If you don't have any cluster yet, though, like in your workplace,

it's significantly

easier,

in my opinion, at least, to spin up a DaaS cluster.

Because of the DaaS ecosystem, I can just spin up 1 on, you know, AWS Fargate, or I can spin 1 up on Kubernetes.

But deploying Spark on Kubernetes myself, that's not something, like, I would even, like, you know, personally consider. It's quite challenging. So if you don't have anything, Dask is much easier to get a cluster for and scale your code. And then the last piece of comparing Spark and Dask is local execution.

Right?

So because Spark runs on Java, you know, you need to instantiate that Java environment. There's a lot of overhead to doing it. And it's kinda painful, actually, because even if I'm

developing locally

and I'm running a script and I tweak my script and I try to run it again, it easily takes, you know, 20, 30 seconds to spin up that Java environment.

Whereas in Dask, because it's all Python based and it builds on top of the, you know, pandas and NumPy and the Py data stack, it's a lot more seamless to just easily test code, and it just runs automatically.

In terms

of kind of not necessarily prior art, but similar art in this ecosystem,

the thing that comes most readily to mind is Modin, and he also mentioned Koalas, which is the pandas API on top of Spark. But Modin is a little bit more in line with what Fugue is working on, where it provides

different execution across

either Dask or Ray. It also has some different interfaces

beyond just the Pandas API where it has a SQL layer. And I'm wondering if you can give your thoughts on the comparison between the

goals and utility of Modin as it compares to what you're building with Fugue.

Yeah. Definitely. So this is a question we get a lot just because people think, oh, you know, porting Python Pandas code to Spark or DAS, you must be like Modin, or you must be like Koalas. Right? They put us in the same bucket,

but, actually, I don't think we are. So for Modin specifically,

we've been looking to add Modin as a back end.

So for those who are unfamiliar, Modin is

Panda's interface,

but with a DaaS back end. They have OmniSci as a back end, and I think they have Ray as a back end now. Right? So on the Fugue level,

we don't have Ray yet as an execution engine. And if Moden, like, perfected that path of having an interface for Ray, we could easily

add Modin as a back end to Fugue. Right? So I think we're still 1 level of abstraction above from Modin where we could use them as a back end if it made sense too. But in general, Modin and Koalas are

pandas interfaces for distributed compute,

and

Fugue intentionally decides to not be a pandas based interface.

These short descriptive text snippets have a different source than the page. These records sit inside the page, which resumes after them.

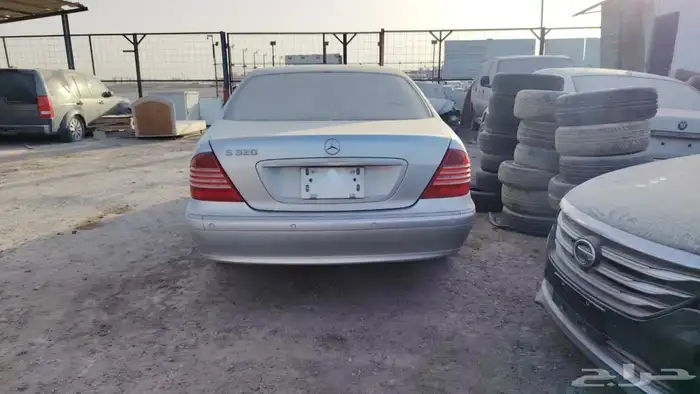مرسيدس 320 موديل 2001تشليح 0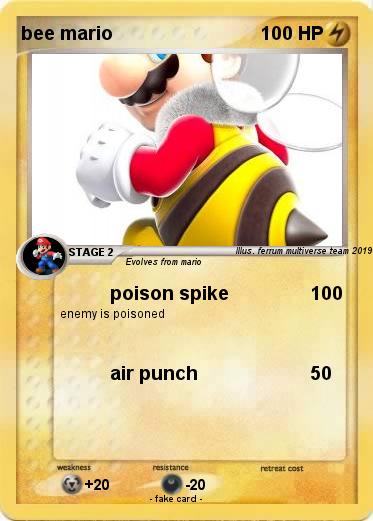 Pokemon bee mario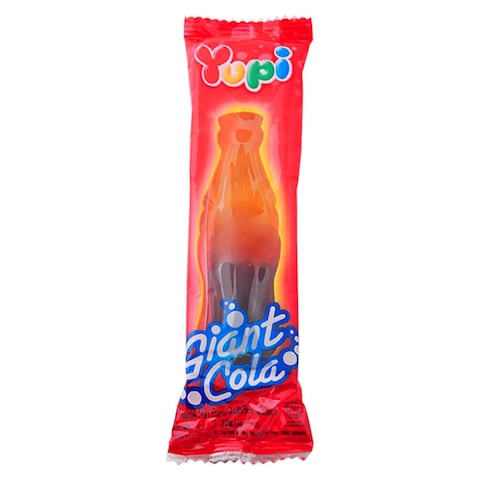 YUPI GIANT COLA 28G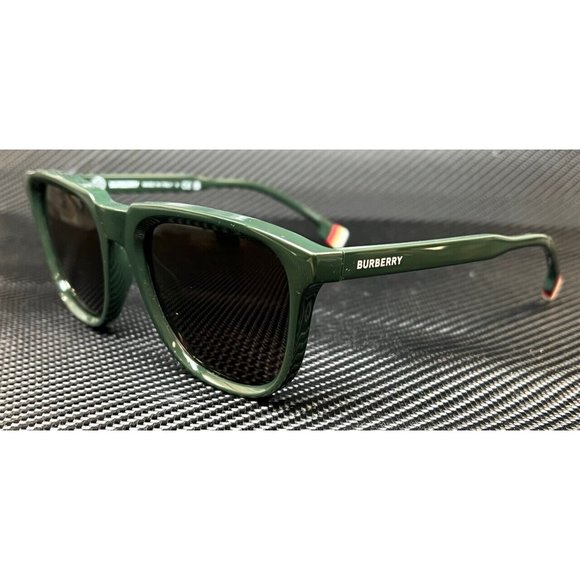 Burberry Green Mens Sunglasses - Picture 1 of 5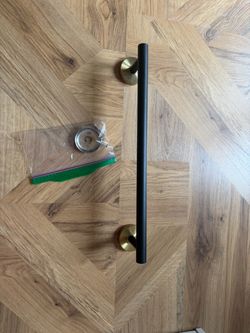 Bathroom Towel Rod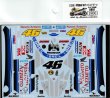 Photo4: 1/12 Honda NSR500 '00 Nastro azuro decal (4)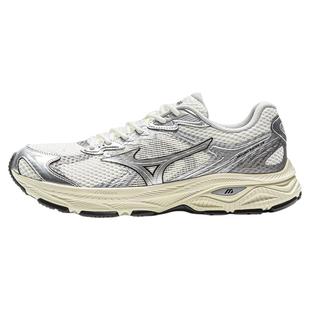 MIZUNO美津浓RACER V2休闲鞋25冬季男女跑步训练鞋透气缓震运动鞋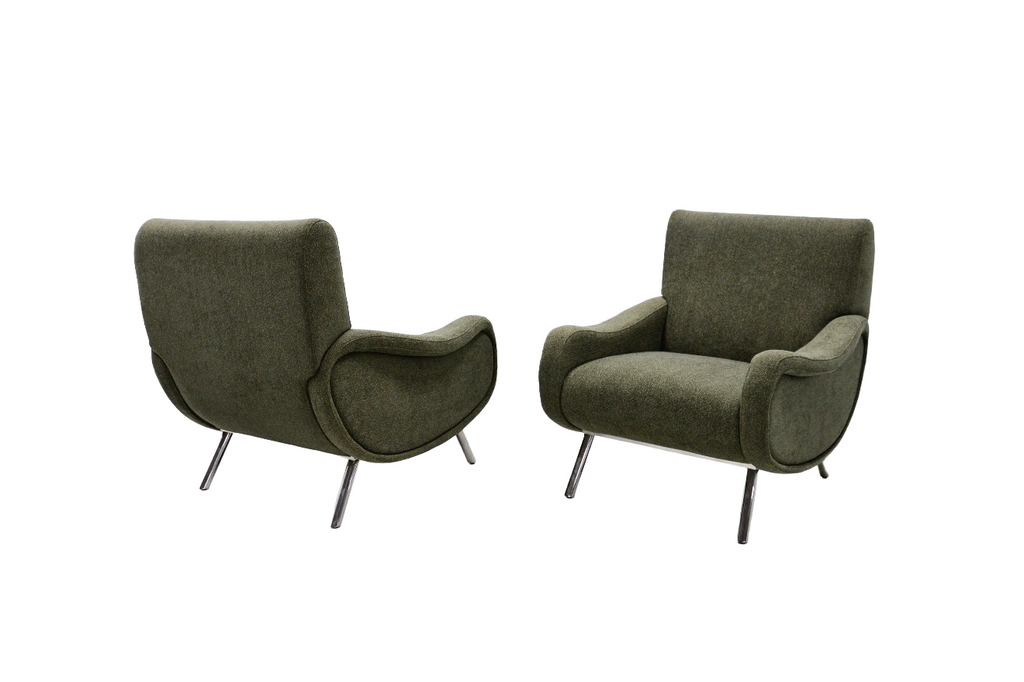 Casa Milano Sculptura Velvet Accent Chair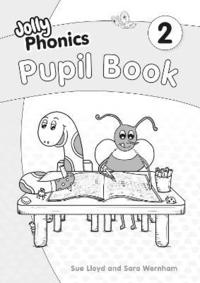 bokomslag Jolly Phonics Pupil Book 2
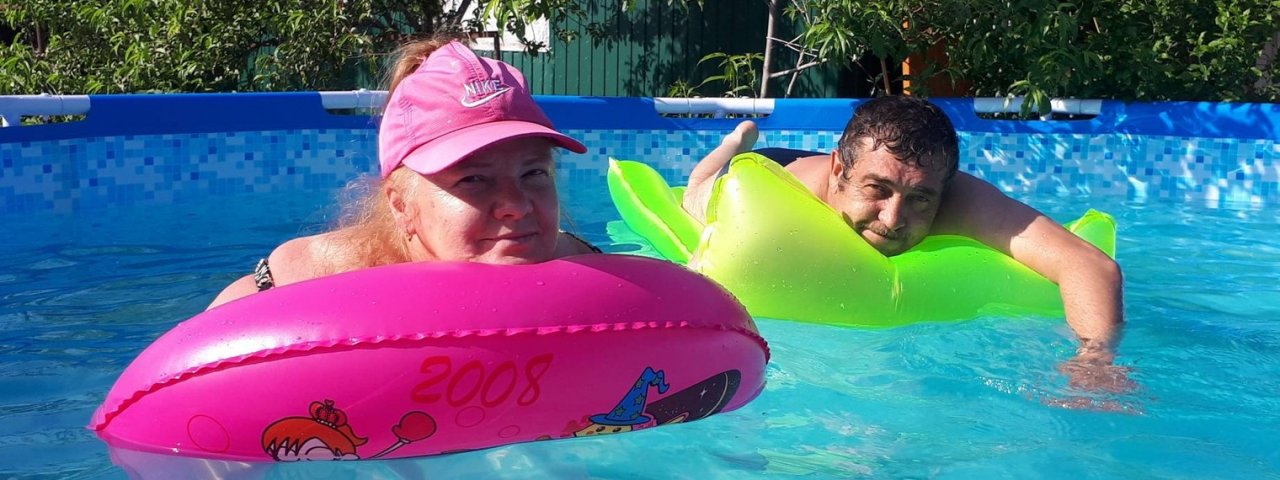 Светлана на Юге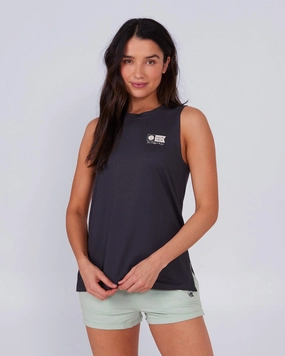 Thrill Seekers Tank - Black Tension Relief Seams Stable performance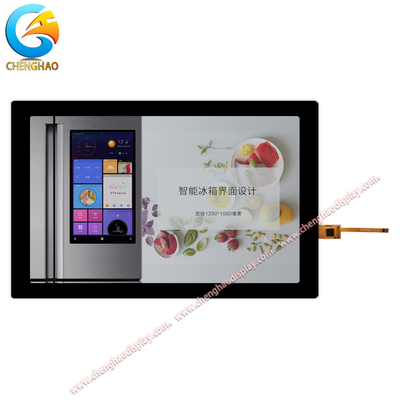 Modulo de pantalla táctil de 16 m de color 1280x800 módulo de pantalla táctil de 10,1 pulgadas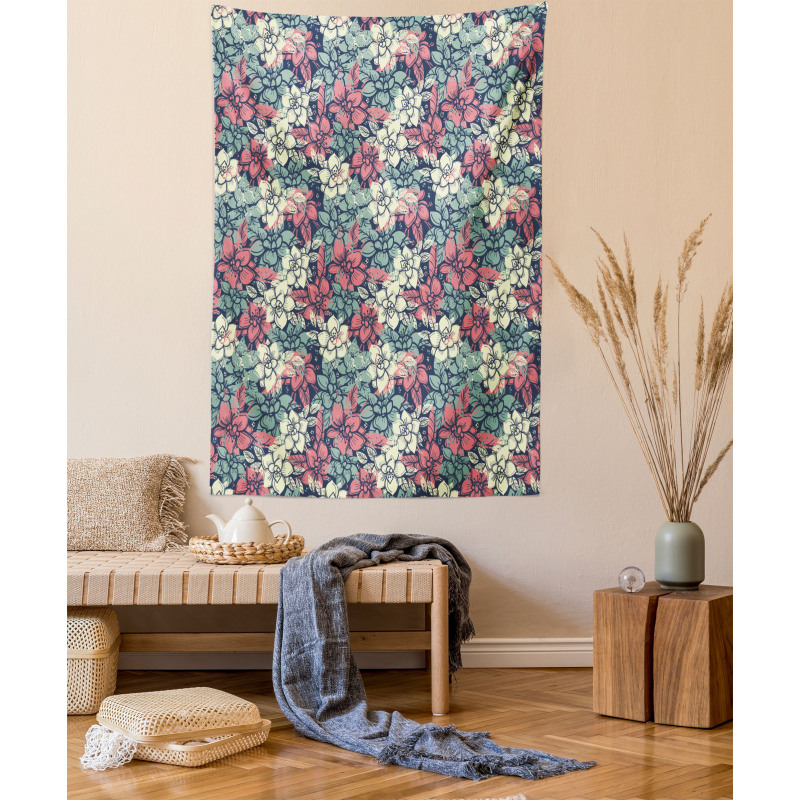 Vintage Summer Romantic Tapestry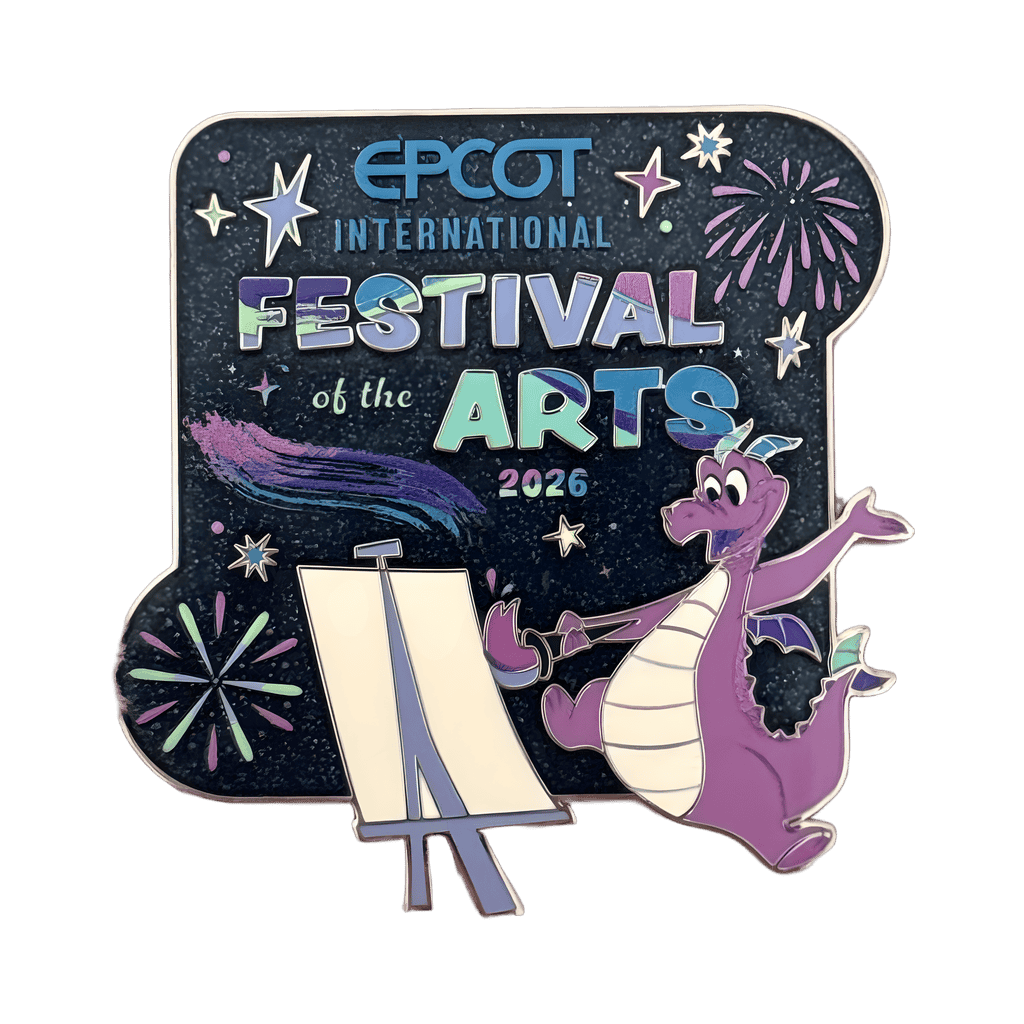 Figment Disney pin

And then this becomes sort of a philosophical discussion now of is a pandas interface

translatable

to distributed compute?

And we think it's not, and there's a couple of reasons for this. Number 1,

especially when we're talking about Spark,

we brought up consistency

earlier.

So

if I asked you, hey. Is Koalas consistent with Pandas, or is it consistent with Spark?

Would you know the answer readily?

And the thing is,

not really. Right? Because

how am I going to use Koalas? Right? A lot of their, like, use cases, for example, involve having a Koalas data frame, and then maybe I'll convert it to Spark, and then maybe I'll run it through Spark ML or something.

Right?

Or maybe I had need to convert it to Spark in order to be able to use Spark SQL on it because I can't readily use Spark SQL on Koalas.

But then if you read the documentation,

Koalas is actually consistent with Pandas,

right, in terms of how it handles nulls.

And

because of this discrepancy,

it's a bit awkward in the middle, kinda not quite Pandas, but not quite Spark. I personally think that

design decisions

become really hard, like, when you're working on a framework, if you want to be more oriented with pandas or with Spark, especially if you're, like, a pandas interface

for distributed compute.

The second thing about the pandas interface is that, in general, when you use pandas,

it's very tied to the index.

You do a lot of operations. That's set index, reset index. You group by. It makes a new index.

Right?

And if you're working with pandas, the index is

very, very

ingrained in what you do. So

Modin

when Modin created their project and when they were making their API,

they decided to prioritize

based on the order

of how often the functions were used in pandas, and then they would knock those out so that they could, you know, get the most used functions in first.

Index operations

are in the top 5 of that,

and that just shows how tied things are to the index. So why does pandas have an index, and why does Spark not have an index?

And the answer is because the index

is

sort of a global

ordering of all of your data.

And

in a local setting, that's very fine. That's no problem at all. In fact, it's very efficient for some operations because now I can easily say, hey. Get me the item at index 20

or get me the item at this date time index, and it's just fetched easily.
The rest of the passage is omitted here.